Special Issue on Liquid Crystal on Silicon Devices: Modeling and Advanced Spatial Light Modulation Applications

1. Introduction

Since the first liquid crystal displays (LCDs) at the beginning of the seventies—based on the twisted-nematic cell configuration [1]—LC-based devices [2] have shown a great potential not only as a display technology, but also for spatial light modulation applications.

Among the different LC-based technologies, liquid crystal on silicon (LCoS) has become one of the most widespread technologies for spatial light modulation in optics and photonics’ applications [3,4,5,6]. These reflective microdisplays are composed of a high-performance silicon complementary metal oxide semiconductor (CMOS) backplane, which controls the liquid crystal layer’s light modulating properties . State-of-the-art LCoS microdisplays may exhibit a very small pixel pitch (below 4 μm), a very large number of pixels (resolutions larger than 4 K), and high fill factors (larger than 90%). They modulate illumination sources covering the UV, visible, and IR.

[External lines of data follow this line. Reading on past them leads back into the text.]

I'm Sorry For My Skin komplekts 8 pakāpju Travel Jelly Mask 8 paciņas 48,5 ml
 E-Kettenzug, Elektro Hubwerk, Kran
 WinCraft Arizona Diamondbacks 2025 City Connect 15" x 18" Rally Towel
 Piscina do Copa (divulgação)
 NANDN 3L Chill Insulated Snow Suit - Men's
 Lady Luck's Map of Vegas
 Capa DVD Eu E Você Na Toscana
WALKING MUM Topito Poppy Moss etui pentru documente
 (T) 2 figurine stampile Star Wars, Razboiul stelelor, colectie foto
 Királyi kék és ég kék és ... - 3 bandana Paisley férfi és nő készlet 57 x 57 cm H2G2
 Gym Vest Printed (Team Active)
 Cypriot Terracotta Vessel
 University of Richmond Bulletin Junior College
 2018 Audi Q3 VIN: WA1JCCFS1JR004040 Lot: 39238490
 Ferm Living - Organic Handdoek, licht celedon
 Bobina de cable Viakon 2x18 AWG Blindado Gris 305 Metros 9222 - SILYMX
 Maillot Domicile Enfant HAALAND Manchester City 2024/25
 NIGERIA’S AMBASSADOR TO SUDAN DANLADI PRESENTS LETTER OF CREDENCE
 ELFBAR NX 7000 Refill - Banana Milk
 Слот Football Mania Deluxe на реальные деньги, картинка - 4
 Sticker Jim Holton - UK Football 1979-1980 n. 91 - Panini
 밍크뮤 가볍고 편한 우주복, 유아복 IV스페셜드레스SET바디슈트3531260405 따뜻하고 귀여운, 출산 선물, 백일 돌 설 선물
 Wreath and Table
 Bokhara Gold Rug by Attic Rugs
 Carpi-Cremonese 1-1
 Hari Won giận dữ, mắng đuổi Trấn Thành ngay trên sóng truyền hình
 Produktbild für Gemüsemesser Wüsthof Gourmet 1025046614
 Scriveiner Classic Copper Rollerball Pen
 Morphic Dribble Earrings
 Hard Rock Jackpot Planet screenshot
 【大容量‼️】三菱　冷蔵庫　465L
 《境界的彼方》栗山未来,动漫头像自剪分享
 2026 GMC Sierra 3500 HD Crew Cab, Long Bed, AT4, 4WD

LCoS technologies are used as displays as well as polarization, amplitude, and phase-only spatial light modulators, where they achieve full phase modulation. Due to their excellent modulating properties and high degree of flexibility, they are found in all sorts of spatial light modulation applications, such as in LCoS-based display systems for augmented and virtual reality, head-up display, head-mounted display, projector, true holographic displays, digital holography, optical storage, adaptive optics, diffractive optical elements, super-resolution optical systems, optical metrology techniques, reconfigurable interconnects, beam-steering devices, wavelength selective switches in optical telecommunications, wave-front sensing of structured light beams, holographic optical traps, or quantum optical computing.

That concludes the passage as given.